> For more information how to run the Jupyter notebooks and our overall philosophy regarding interactive docs, read more here. (TODO)

# `ipfs-log`

In [1]:
const Log = require("../src/log") // const Log = require("ipfs-log") elsewhere

## Intro

The `Log` provided by the `ipfs-log` package is an implementation of a Conflict-Free Replicated Data Type (CRDT) that utilizes the Interplanetary File System (IPFS) as a storage backend. The functionality in this package forms the backbone of [`orbit-db`](https://github.com/orbitdb/orbit-db).

## Table of Contents

1. [Top](#)
  1. [Intro](#Intro)
  2. [Nomenclature and Concepts](#Nomenclature-and-Concepts)
2. [Prerequisites](#Prerequisites)
  1. [IPFS Node](#IPFS-Node)
  2. [Access Controller](#Access-Controller)
  3. [Identity](#Identity)
3. [Usage](#Usage)
  1. [Creating Logs](#Creating-Logs)
  3. [Manipulating Logs](#Manipulating-Logs)
  4. [Joining Logs](#Joining-Logs)
4. [API Documentation](#API-Documentation)
  1. [Log](#Log)

## Nomenclature and Concepts

### Conflict-Free Replicated Data Type (CRDT)

A **Conflict-Free Replicated Data Type** is a type of log that solves the problem of locally storing, and ultimately merging, distrubuted data sets to other distributed data sets<sup>1</sup>. It allows users to perform operations on *local* databases with the intent of merging or joining those data with the data stored on the devices of other peers in the network.

### Lamport Clock

To achieve successful merging - merging that is properly *associative* - entries are timestamped with something called a Lamport Clock<sup>2</sup>. The timestamp of each entry is a pair of values: a _logical clock_ counter of the entry (as opposed to _wall clock_), and an identifier of the user or device that generated the entry.

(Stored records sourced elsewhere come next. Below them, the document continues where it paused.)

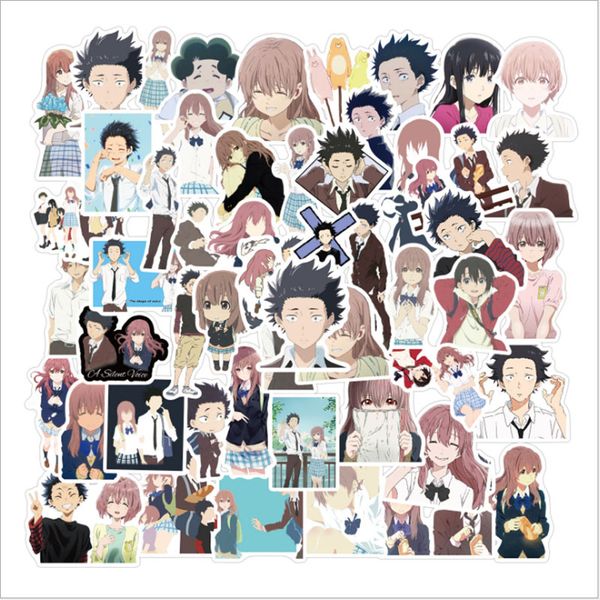 50 pcs shape of voice graffiti waterproof skateboard travel suitcase phone lapluggage stickers cute kids girl toys
50 pcs shape of voice graffiti waterproof skateboard travel suitcase phone lapluggage stickers cute kids girl toys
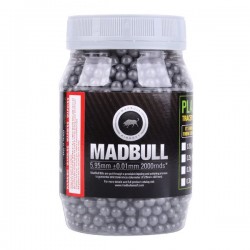 Bile Airsoft MadBull Ultimate Grey Stainless 0.50g 2000buc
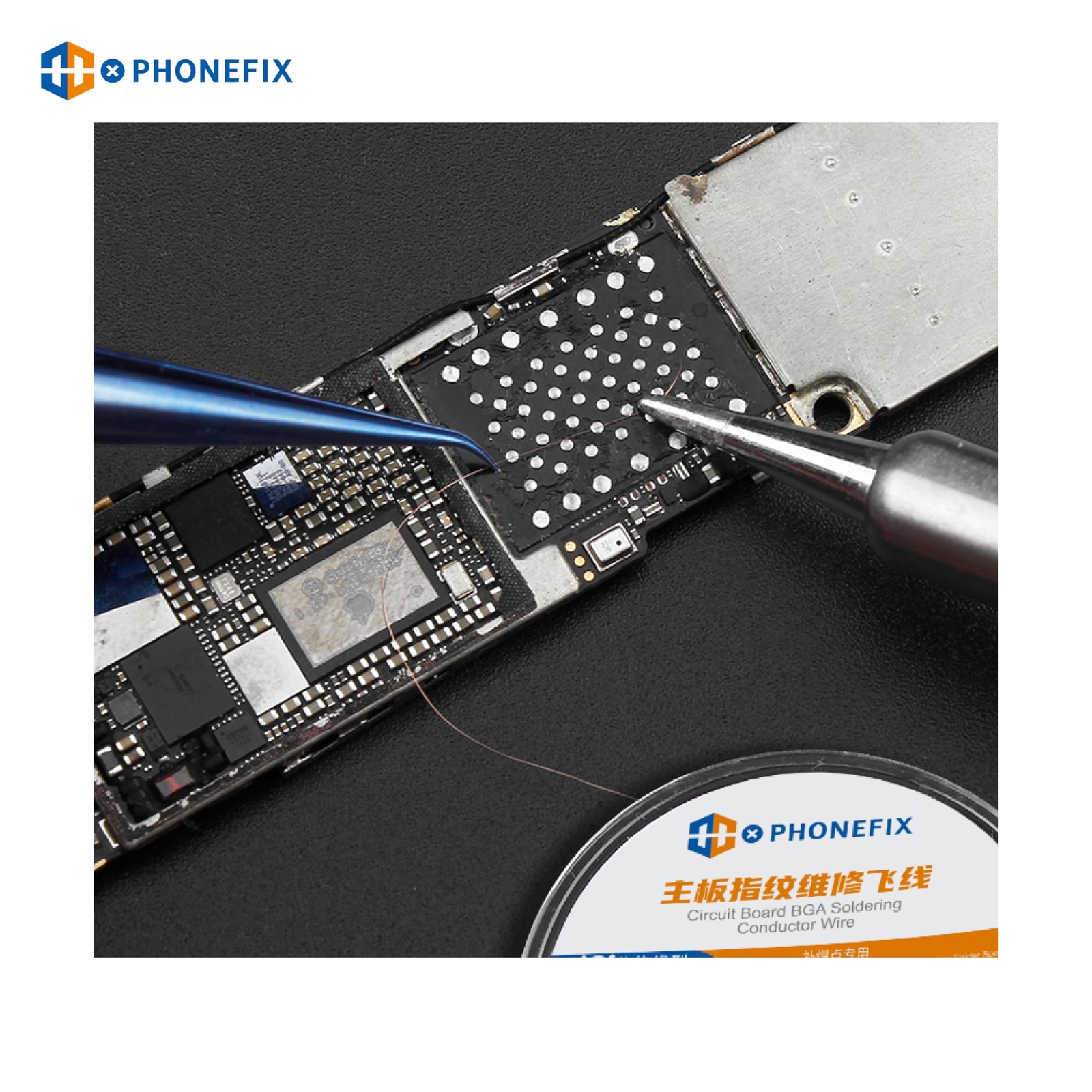 0.02mm 120M Phone Motherboard Soldering Jump Wire Pure Copper Non-Insulated C…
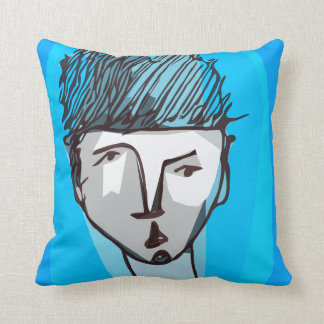 almohada azul del período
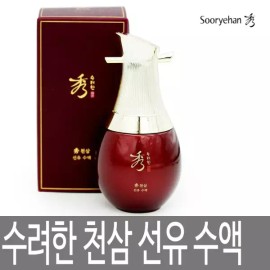 Sulyeonhan 수려한 천삼 선유 수액 130ml / 에센셜 젤 타입 스킨 토너 / 미백 주름개선 기능성 / 한방화장품 Elegant Cheonssam Sunyu Essence 130ml / Essential Gel-Type Skin Toner / Whitening Anti-Wrinkle Functional / Oriental Cosmetic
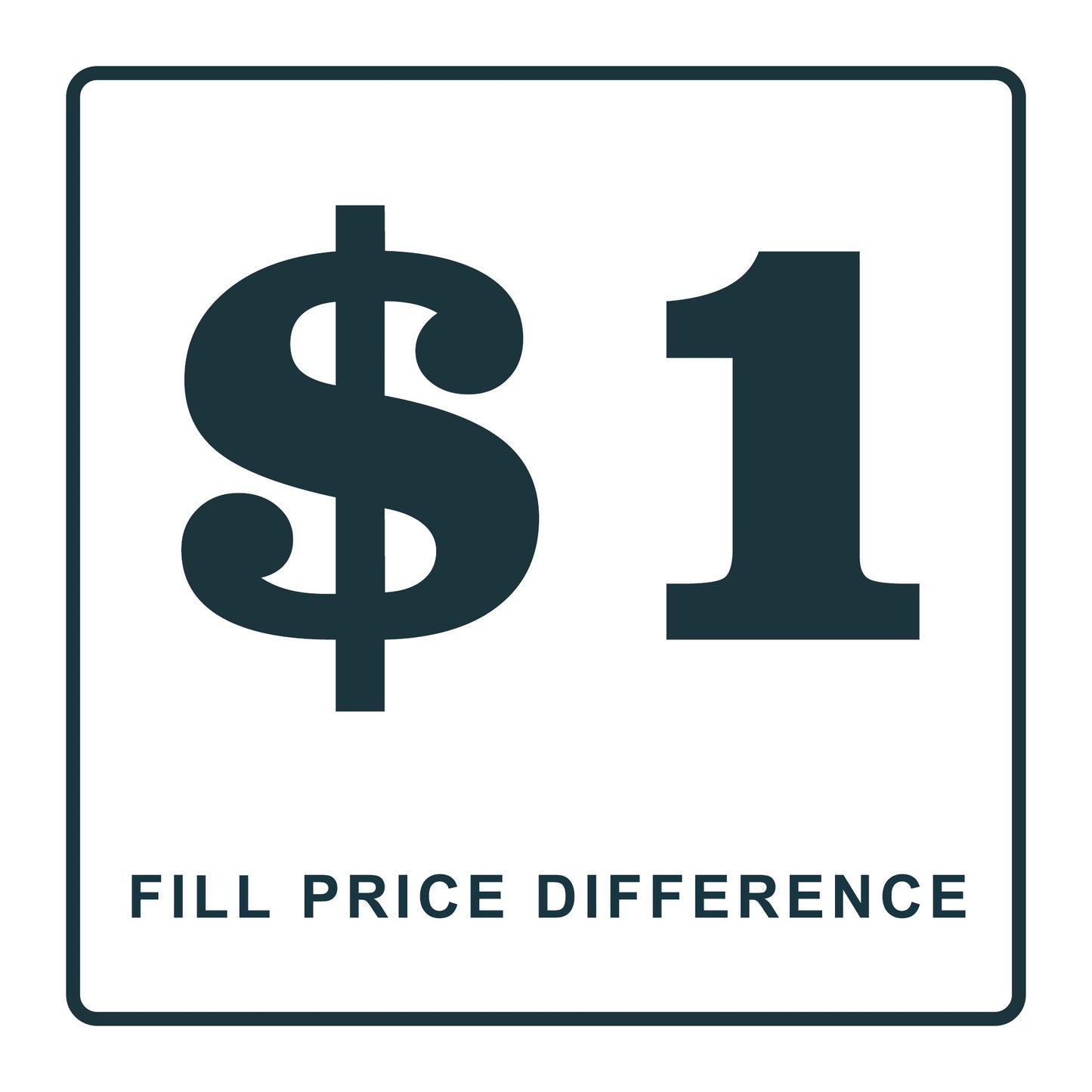 Fill Price Difference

In the case of `ipfs-log`, the identifier is the public key of the IPFS node where the entries are initially generated.

```javascript
// Lamport Clock Object
{
  id: '042750228c5d81653e5142e6a56d55...e5216b9a6612dbfc56e906bdbf34ea373c92b30d7',
  time: 0
}
```

### Heads and Tails

Heads and Tails are important concepts in terms of CRDTs, and many people require a bit of explanation before fully understanding the concept and its implications.

### Heads

The **head** of a log is an entry that is not referenced by any other entry. Practically speaking, these are the latest entries being appended to a log or logs.

This is best understood by example, observing how the heads change over time. In the following examples, circles are entries, green circles are heads, and arrows denote the pointers contained in the entry, to the previous record.

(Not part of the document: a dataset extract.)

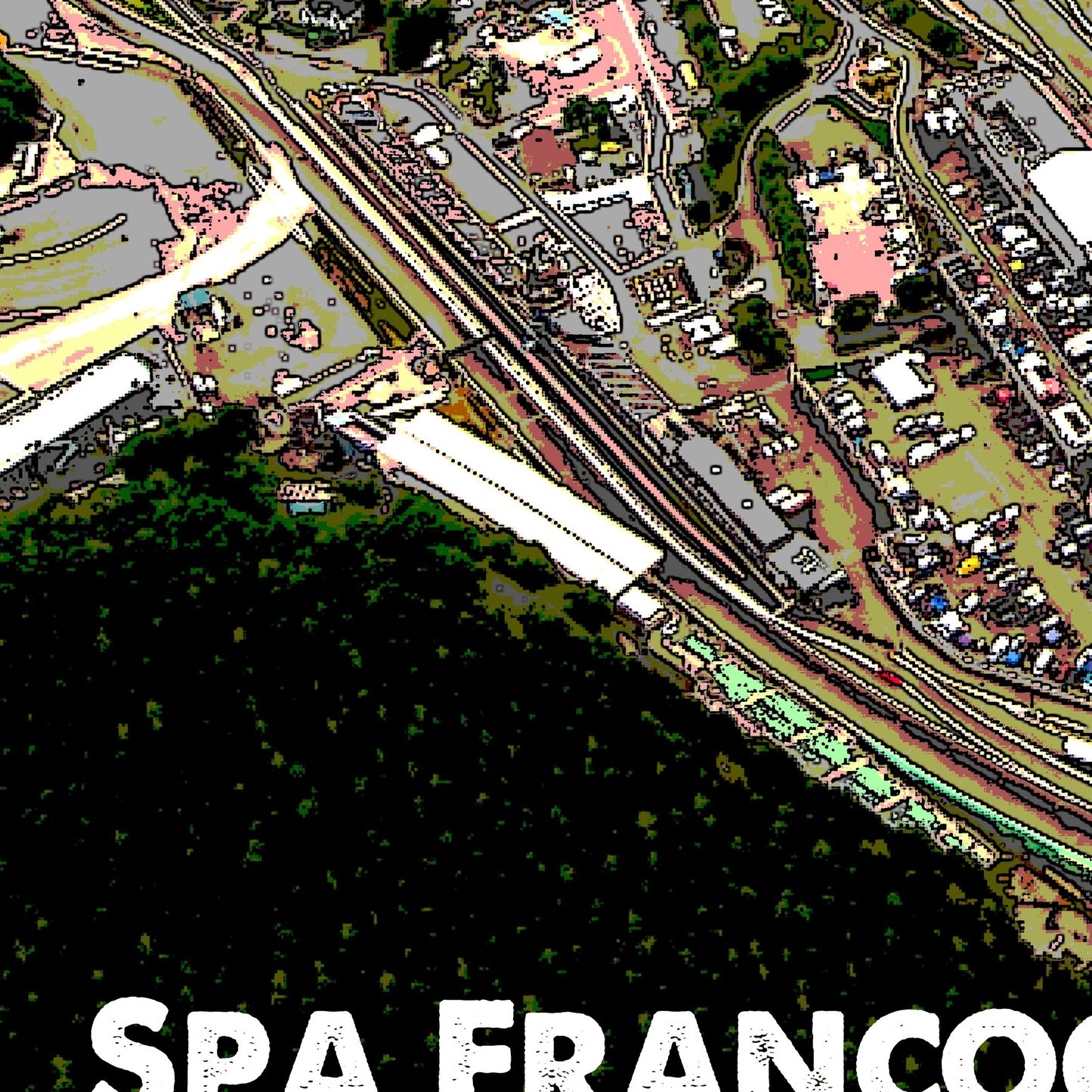 Spa Francochamps Race Track Circuit Motorsports Wall Print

Let's start with the simplest example - a single user writing entries to a single log.

![Single Node CRDT over time, Simplest Example](./single-node-log-over-time.png)

However, we are not in the business of single-device / single-user logs, so let's imagine the following scenario in an attempt to find the least-complex, but still _complete_ example of how the heads would work over time.

First, in plain words and some pseudocode:

1. User 1 starts a Log (`log1 = new Log`)
2. User 2 starts a Log (`log2 = new Log`)
3. User 1 adds two entries to the log (`log1.append`)
4. User 2 merges that log with their own (`log2.join(log1)`)
5. User 1 adds two more entries (`log1.append`)
6. User 2 adds an entry (`log2.append`)
7. User 2 merges the log again (`log2.join`)
8. User 2 adds one more entry (`log2.append`)

Now in a diagram:

![Multiple Node CRDT over time, Least-Complex Example](./multiple-nodes-log-over-time.png)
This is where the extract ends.